News
Nov 06

How to tackle the mental health crisis that will come with a second Covid-19 wave

By Eric Meier

The impact caused by the first wave of Covid-19 in the U.S. has caused many to worry about the effects of the increase in cases around the country as we head into winter and the news so far is worrisome.

However, many experts report that there is also danger in a different type of “second wave” — declining mental health. Data suggests that this healthcare issue must be confronted immediately, as access to professional support will be a crucial fortification in the fight for the nation’s physical and mental health recovery. The numbers show that the mental health epidemic resulting from Covid-19 is likely to be experienced by all Americans.

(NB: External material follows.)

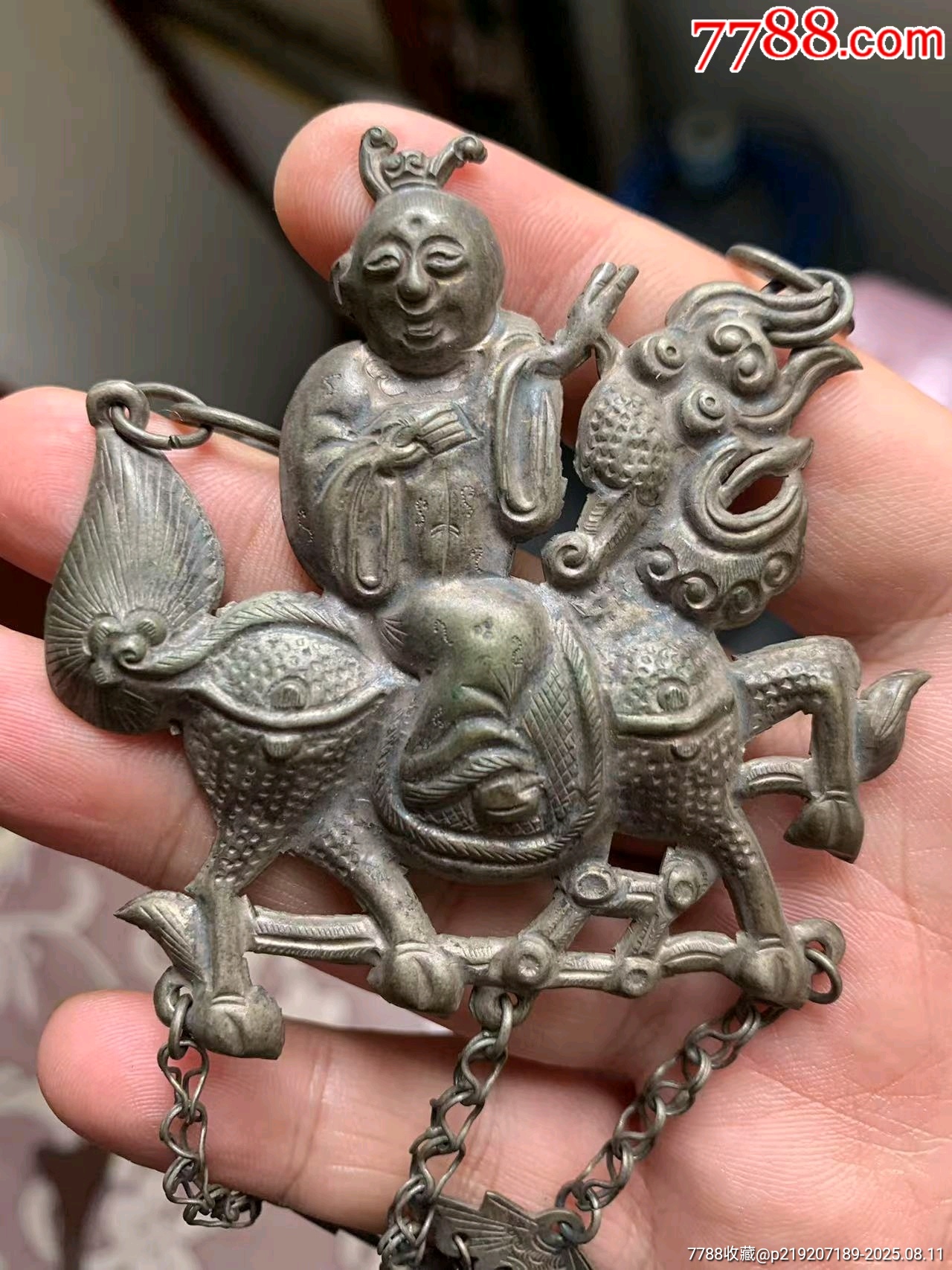 清代麒麟送子银挂件一套-其他银器-7788红宝书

Mental Health Impact on Caregivers
Through a national analysis of caregivers conducted by Blue Cross Blue Shield (BCBS), entitled “The Impact of Caregiving on Mental and Physical Health,” BCBS leverages insurance data to identify major healthcare trends. Some key findings include that there are at least 6.7 million BCBS members acting as caregivers for their family members, and these caregivers are seeing a 26% greater impact on health conditions that could lower their overall health (as measured by the BCBS Health Index). These health conditions are not merely physical — according to this report, the demand for such intense caregiving has increased “self-reported stress, isolation and loneliness among caregivers.” The recent National Pulse Survey conducted by the Blue Cross Blue Shield Association (BCBSA) found that “1 in 4 unpaid caregivers are feeling more stress trying to balance work and family due to Covid-19.”

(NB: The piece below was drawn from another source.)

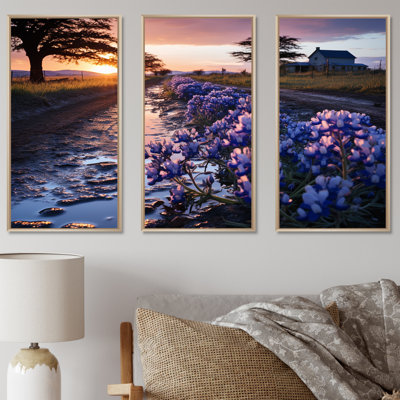 Ensemble de salon mauve à champ mauve avec coucher de soleil - Bonnets bleus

Mental health concerns for those acting as caregivers are reportedly more severe for millennials than Gen X or Baby Boomers according to BCBS. The report states, “adjustment disorder and hypertension are 82% more prevalent among millennials who are caregivers.” Adjustment disorders, according to the Mayo Clinic, develop from major life changes that cause stress, resulting in ongoing “emotional or behavioral reactions that can contribute to feeling anxious or depressed” — often resulting in suicidal thoughts or behavior.

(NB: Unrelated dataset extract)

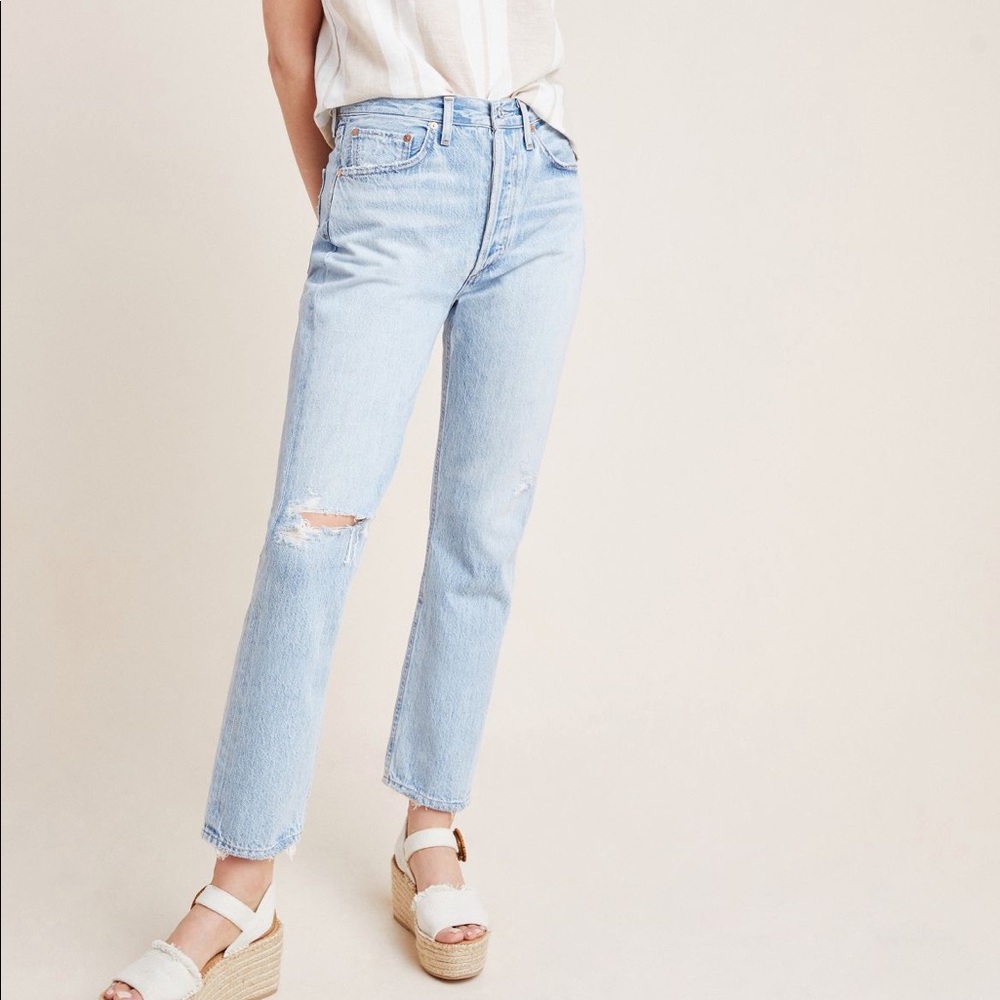 Agolde Riley High Rise Straight Jeans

Rise of Loss Related to Mental Health Issues
In an October 2020 article published by JAMA, mental health disorders related to the overwhelming losses during this pandemic are on the rise, and the effect of the tragedies is likely to continue its surge. While the number of Covid-19 related deaths reached 225,000 between February and August of 2020, the second wave of mental health repercussions is still building. According to Dr. Simon, this “imminent mental health surge will bring further challenges for individuals, families, and communities including increased deaths from suicide and drug overdoses.” The concern is not whether this second wave is on its way, but rather how our already broken mental healthcare system will meet the demand — specifically the imminent problem of access to care for the most vulnerable community members.

The first wave of Covid-19 saw a disproportionate effect on Black and Hispanic individuals, older adults, lower socioeconomic groups of all races and ethnicities, and health care workers. These vulnerable people are also at high risk from the mental health impact and must be able to access effective mental health care.

Rising Emotional Distress
Researchers at a multinational level are also warning that adults in the U.S. are more likely to experience severe mental health effects as a result of the pandemic. The Commonwealth Fund joined with the security research firm SSRS and their investigation revealed that the negative impact of this pandemic on mental health was nearly instantaneous, and given the nature of mental health, this may have “long-term effects in every country it has touched.” The survey found that in the US since the beginning of the pandemic, over 30% of adults experienced either stress, anxiety, or heavy sadness that they felt they were unable to cope with in isolation.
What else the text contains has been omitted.